Ve bu mücadelede kavramlar, silahlar kadar önemli midir?

Kesinlikle! Hatta daha önemlidir.

Türkiye’nin bu süreçte öneminden bahsettiniz, kitapta da bunu vurguluyorsunuz… Ve özellikle işaret ediyorsunuz, Türkiye’nin bir kuşatma altında olduğunu. Bu bağlamda iki sorum olacak. Bu kuşatma ne zaman başladı; Fırat Kalkanı ve Zeytin Dalı operasyonlarıyla bu kuşatma kırılabildi mi?

Osmanlı siyasi otoritesi dağıldıktan sonra kurulan Türkiye Cumhuriyeti aslında rehin alınmış bir devlettir. Özellikle 1950lerden sonra Atlantik eksenine demir atmış, iç politikalarından ekonomik politikalarına, devlet sisteminden istihbaratına, uluslararası ilişkilerinden bölge ile ilişkilerine, yakınlıklarına kadar tamamı Atlantik ekseni tarafından dizayn edilmiştir.
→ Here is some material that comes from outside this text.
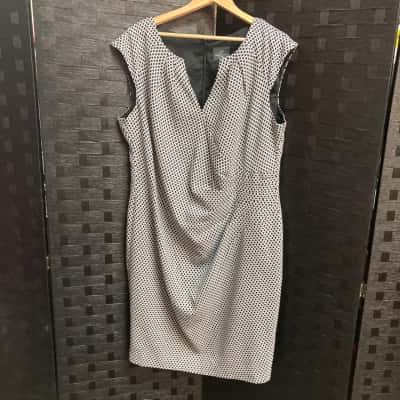 Adrianna Papell Womens  Size 18 Sleeveless Dress  Black  / Grey 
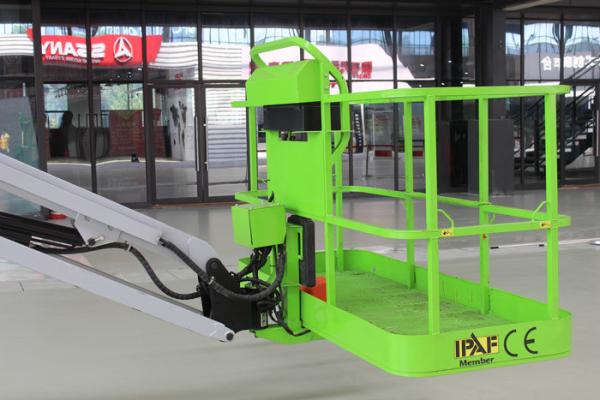 Straight 88ft 27m telescopic boom lift with 360kg capacity for repairs aerial work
Avrupa ve Amerika tarafından tanımlanmıştır. Türkiye’nin şu anki mücadelesi bu eksenden bu vesayetten kurtulma mücadelesidir. Bu yeni bir İstiklal savaşıdır. Biz bu mücadeleyi vermeye başladığımız an eski dostlarımızın, müttefiklerimizin tamamı Türkiye karşıtı oldu. Amerika, Almanya, İngiltere, Fransa hepsi… Türkiye’nin karşısına dikildi ve Türkiye’ye yönelik terör örgütlerini bile açıktan desteklemeye başladılar. Neden? Çünkü Türkiye’nin kaderiyle, mücadelesiyle coğrafyanın mücadelesi aynıdır. Türkiye kontrolden çıktığı zaman coğrafya da kontrolden çıkar. Türkiye’yi kaybeden bütün coğrafyayı kaybedecek. Ve Türkiye kendi bağımsız duruşuna ulaşırsa –ki ulaşacak Allah’ın izniyle- Batılıların 100, 200 yıllık coğrafya denetimi sona erecek. Bu büyük bir kavga. Biz bunu gördük. 15 Temmuz’da bizi içeriden vurmaya çalıştılar. İşgal girişimleri başladı. Ve bunlar olmayınca bizi İran sınırından Akdeniz’e kadar kuşatmaya, çevrelemeye başladılar. Fırat Kalkanı ve Afrin operasyonları, bu büyük, çok uluslu kuşatmayı yarma girişimleridir. Biz artık savunmada olmayacağız. Türkiye klasik savunma yöntemlerini terk etti ve taarruz yöntemlerine geçti. Biz asla tehditleri sınırlarımızda karşılamayacağız artık. Başladığı yerde karşılayacağız. Bu anlamda dünya Türkiye’de taarruza dayalı bir savunma sistemi görecek. Fırat Kalkanı bunun ilk örneğidir, Afrin operasyonu ikinci örneğidir. Ve göreceksiniz, Fırat’ın doğusundan İran sınırına kadar, Irak’ın kuzeyinde aynı şey devam edecektir. Bunu bütün dünya da görecek.

Kazanacak mıyız?

Biz kazanacağız. Tarih döndü. Bunu herkesin çok iyi okuması lazım. Batı duraklama dönemine girdi. Doğu yükseliş dönemine girdi. Batı’nın bazı devletleri de çöküş dönemine girdi. Tam bu kritik zamanda biz büyük bir yükseliş dönemine girdik. Çünkü tarihin belirli evrelerine dikkat edin. Bazı milletler çöker, sonra tekrar ayağa kalkar. Bizim için Birinci Dünya Savaşı artık bugün bitti. Bizim için yeni bir yükseliş tarihi başladı. Dünyada öyle büyük kavgalar kopacak ki Batı tek başına bize müdahale etme fırsatı bulamayacak. Çünkü kendi içinde kavgalara tutulacak. Çin, Rusya, Avrupa ve Amerika arasında olağanüstü bir örtülü savaş yaşanıyor. Bunun nerede, hangi coğrafyada nasıl patlayacağını kimse öngöremez, bilemez ama bu patlayacak. Belki Doğu Avrupa’da, Baltıklarda patlayacak belki Doğu Asya’da, Pasifik’te belki de Avrupa’nın kendi içinde… Biz, bu konjonktürü kullanıyoruz. Bu bize olağan üstü bir hareket alanı sağlıyor. Dolayısıyla tarih bir kez döndüğü zaman öyle 3-5 yılda dönmez tekrar; yüzyıllar sürer. Bu bizim için yeni bir dönüş oldu. Bu yükseliş dönemi bizden sonraki kuşaklarla da devam edecek. O yüzden benim hiç tereddüttüm yok. Kazanacağız!